**What to produce**
Starting at the line that contains "Stroje - vyvrtávačky" and ending at the line that contains "DMSO PC1 versus", the lines below are to be given again exactly, with nothing added.

**Available data**
=-=-=

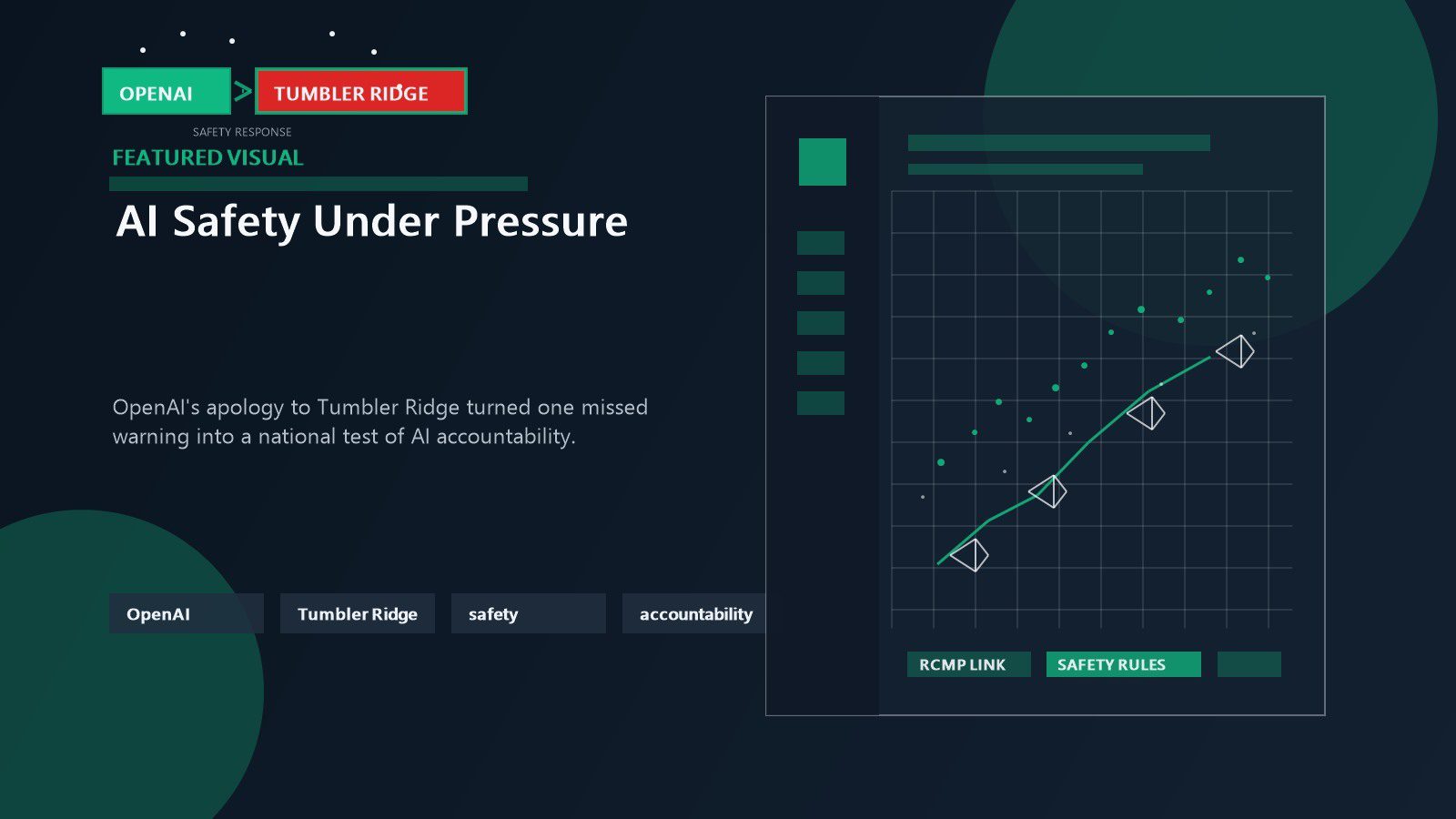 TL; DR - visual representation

=-=-=

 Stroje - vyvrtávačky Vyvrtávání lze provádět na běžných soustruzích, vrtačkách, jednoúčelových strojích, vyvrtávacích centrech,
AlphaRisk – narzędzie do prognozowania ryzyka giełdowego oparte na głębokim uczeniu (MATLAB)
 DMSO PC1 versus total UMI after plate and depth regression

=-=-=

**Response to the task**
 Stroje - vyvrtávačky Vyvrtávání lze provádět na běžných soustruzích, vrtačkách, jednoúčelových strojích, vyvrtávacích centrech,
AlphaRisk – narzędzie do prognozowania ryzyka giełdowego oparte na głębokim uczeniu (MATLAB)
 DMSO PC1 versus total UMI after plate and depth regression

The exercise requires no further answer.